Data supplied:
┄┄┄┄┄┄┄┄┄┄┄┄┄┄┄┄┄┄┄┄

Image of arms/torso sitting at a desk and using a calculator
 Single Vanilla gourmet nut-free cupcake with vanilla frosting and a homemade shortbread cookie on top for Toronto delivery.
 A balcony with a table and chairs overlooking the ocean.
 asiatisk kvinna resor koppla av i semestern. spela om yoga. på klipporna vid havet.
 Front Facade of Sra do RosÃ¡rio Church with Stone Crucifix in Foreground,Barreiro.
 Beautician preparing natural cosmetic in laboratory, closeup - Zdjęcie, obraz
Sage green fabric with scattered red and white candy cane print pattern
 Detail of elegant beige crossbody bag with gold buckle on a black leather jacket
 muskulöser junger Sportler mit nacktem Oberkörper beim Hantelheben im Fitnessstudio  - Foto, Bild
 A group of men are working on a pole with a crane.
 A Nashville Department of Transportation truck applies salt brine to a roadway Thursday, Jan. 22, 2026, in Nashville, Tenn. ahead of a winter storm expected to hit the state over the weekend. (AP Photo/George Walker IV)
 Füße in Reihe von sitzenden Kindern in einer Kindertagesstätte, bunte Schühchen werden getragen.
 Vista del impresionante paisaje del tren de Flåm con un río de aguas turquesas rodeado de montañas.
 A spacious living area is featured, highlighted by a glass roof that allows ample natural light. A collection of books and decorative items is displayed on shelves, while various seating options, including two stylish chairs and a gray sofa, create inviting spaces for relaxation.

┄┄┄┄┄┄┄┄┄┄┄┄┄┄┄┄┄┄┄┄

From the entries above, select each line containing the string "natural".

 Beautician preparing natural cosmetic in laboratory, closeup - Zdjęcie, obraz
 A spacious living area is featured, highlighted by a glass roof that allows ample natural light. A collection of books and decorative items is displayed on shelves, while various seating options, including two stylish chairs and a gray sofa, create inviting spaces for relaxation.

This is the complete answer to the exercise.